Bode plots are graphical tools that use logarithmic scales for frequency on the x-axis and gain in decibels on the y-axis. This logarithmic method allows a wide range of frequencies to be compactly displayed, enabling the analysis of component effects on circuit behavior across a broad frequency spectrum.

A network function represents the ratio of a system's output to its input, with the magnitude and phase angle derived from the complex network function. The decibel logarithmic gain is determined by multiplying the base-ten logarithm of the network function's magnitude by 20. The gain in a Bode plot is expressed logarithmically. The unit of logarithmic gain is the decibel, also known as gain in dB. Decibels (dB) quantify gain, where 1 dB is one-tenth of a bel, which honors Alexander Graham Bell.

Bode plots, which are semilogarithmic graphs, show the logarithmic gain in decibels and the phase angle in degrees over a range of frequencies. These plots facilitate the understanding of a system's frequency response.

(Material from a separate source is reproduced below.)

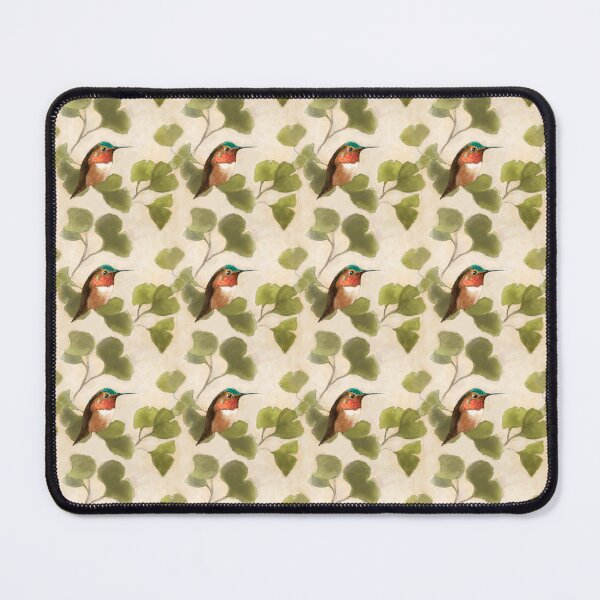 Item preview, Hummingbird in ginko designed and sold by Lyngianni.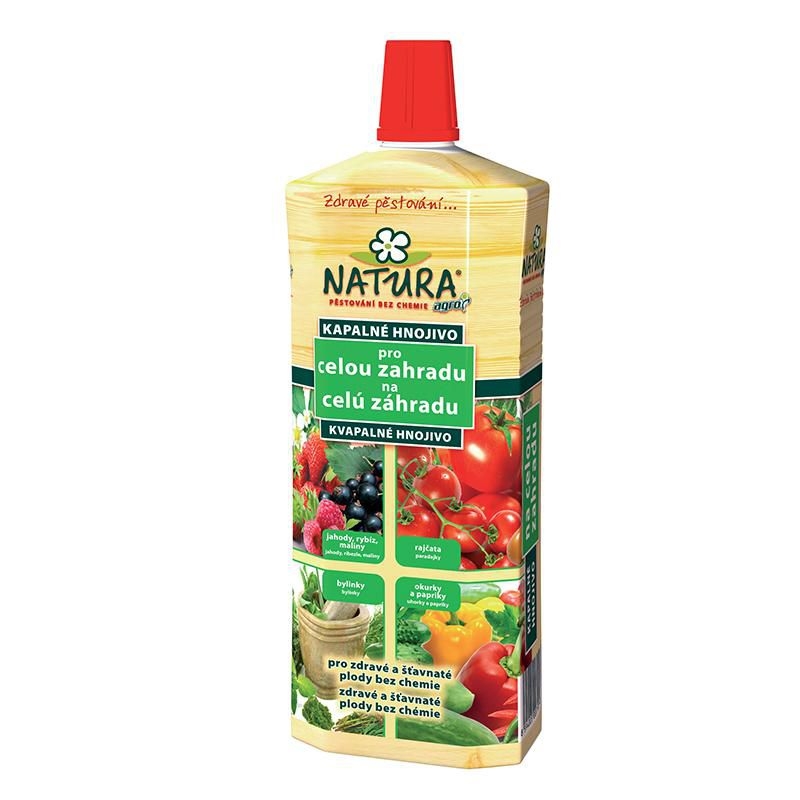 Domácnost a Zahrada - Natura Organické kapalné hnojivo pro celou zahradu 1 l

At lower frequencies, both the logarithmic gain and the phase angle approaches zero, forming horizontal lines on the Bode plot known as low-frequency asymptotes. These lines indicate minimal filter impact on signals at these frequencies. As frequency increases, the gain and phase angle calculations reflect their frequency dependence. On the Bode plot, these dependencies appear as straight lines with negative slopes, called high-frequency asymptotes. These lines demonstrate how the filter attenuates higher-frequency signals. The low- and high-frequency asymptotes intersect at the corner frequency. Here, the asymptotic magnitude deviates by about -3 decibels from the exact value, marking a significant change in the filter's response. Additionally, the phase angle at the corner frequency is approximately -45 degrees.

Asymptotic Bode plots provide reasonable approximations of actual Bode plots, allowing for simplified analysis while maintaining reasonable accuracy.